**Your task:** From the records that follow, copy every line in which "premium" appears.

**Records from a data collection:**
··········

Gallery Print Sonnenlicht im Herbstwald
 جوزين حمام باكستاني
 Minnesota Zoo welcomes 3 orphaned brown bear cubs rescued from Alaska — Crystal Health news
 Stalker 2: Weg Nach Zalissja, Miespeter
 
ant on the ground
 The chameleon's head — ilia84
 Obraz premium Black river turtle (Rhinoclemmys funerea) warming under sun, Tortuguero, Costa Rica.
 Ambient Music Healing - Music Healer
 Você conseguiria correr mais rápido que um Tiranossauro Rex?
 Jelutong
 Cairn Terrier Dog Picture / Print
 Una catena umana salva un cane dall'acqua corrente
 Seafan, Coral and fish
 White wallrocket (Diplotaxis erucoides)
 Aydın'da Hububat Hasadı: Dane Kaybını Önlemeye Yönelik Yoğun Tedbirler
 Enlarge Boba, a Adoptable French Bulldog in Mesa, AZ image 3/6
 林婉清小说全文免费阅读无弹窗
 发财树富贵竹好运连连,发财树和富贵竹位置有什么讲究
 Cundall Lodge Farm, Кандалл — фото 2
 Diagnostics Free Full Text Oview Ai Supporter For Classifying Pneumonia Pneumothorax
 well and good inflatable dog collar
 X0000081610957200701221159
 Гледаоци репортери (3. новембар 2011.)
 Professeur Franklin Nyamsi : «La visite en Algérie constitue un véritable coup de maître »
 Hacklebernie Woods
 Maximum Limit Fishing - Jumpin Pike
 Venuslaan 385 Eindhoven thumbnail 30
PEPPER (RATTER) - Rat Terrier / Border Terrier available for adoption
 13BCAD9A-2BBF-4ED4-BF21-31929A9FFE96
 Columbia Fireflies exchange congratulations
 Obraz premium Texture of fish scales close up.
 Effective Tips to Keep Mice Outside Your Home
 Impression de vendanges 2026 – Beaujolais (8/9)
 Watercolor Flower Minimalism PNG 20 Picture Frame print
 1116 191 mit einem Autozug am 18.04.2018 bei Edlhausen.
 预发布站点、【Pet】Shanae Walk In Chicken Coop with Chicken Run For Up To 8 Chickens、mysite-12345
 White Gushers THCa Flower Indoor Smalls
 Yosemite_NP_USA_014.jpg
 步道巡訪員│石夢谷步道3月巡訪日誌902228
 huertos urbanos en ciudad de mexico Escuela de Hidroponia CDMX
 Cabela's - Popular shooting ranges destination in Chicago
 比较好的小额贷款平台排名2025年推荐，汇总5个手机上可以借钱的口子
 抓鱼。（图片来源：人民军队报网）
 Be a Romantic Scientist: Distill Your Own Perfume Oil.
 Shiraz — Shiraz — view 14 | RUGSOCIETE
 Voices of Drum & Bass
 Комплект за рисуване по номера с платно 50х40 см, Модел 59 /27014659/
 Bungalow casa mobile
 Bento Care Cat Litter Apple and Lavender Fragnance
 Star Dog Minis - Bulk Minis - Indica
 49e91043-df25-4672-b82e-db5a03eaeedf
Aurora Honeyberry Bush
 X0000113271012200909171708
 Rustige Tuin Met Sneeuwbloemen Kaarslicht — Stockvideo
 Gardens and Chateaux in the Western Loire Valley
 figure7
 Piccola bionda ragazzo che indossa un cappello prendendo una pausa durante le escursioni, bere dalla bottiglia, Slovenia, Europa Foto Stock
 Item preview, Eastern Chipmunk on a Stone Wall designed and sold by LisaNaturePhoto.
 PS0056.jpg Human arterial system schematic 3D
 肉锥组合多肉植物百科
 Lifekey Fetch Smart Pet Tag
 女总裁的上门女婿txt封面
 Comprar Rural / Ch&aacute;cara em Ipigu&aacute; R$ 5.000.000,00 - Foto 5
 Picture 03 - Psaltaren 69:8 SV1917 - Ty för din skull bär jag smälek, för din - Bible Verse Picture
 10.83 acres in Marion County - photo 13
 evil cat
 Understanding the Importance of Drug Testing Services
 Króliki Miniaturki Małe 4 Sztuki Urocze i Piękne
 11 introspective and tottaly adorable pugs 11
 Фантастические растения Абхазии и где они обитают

··········

**Result for this exercise:**
 Obraz premium Black river turtle (Rhinoclemmys funerea) warming under sun, Tortuguero, Costa Rica.
 Obraz premium Texture of fish scales close up.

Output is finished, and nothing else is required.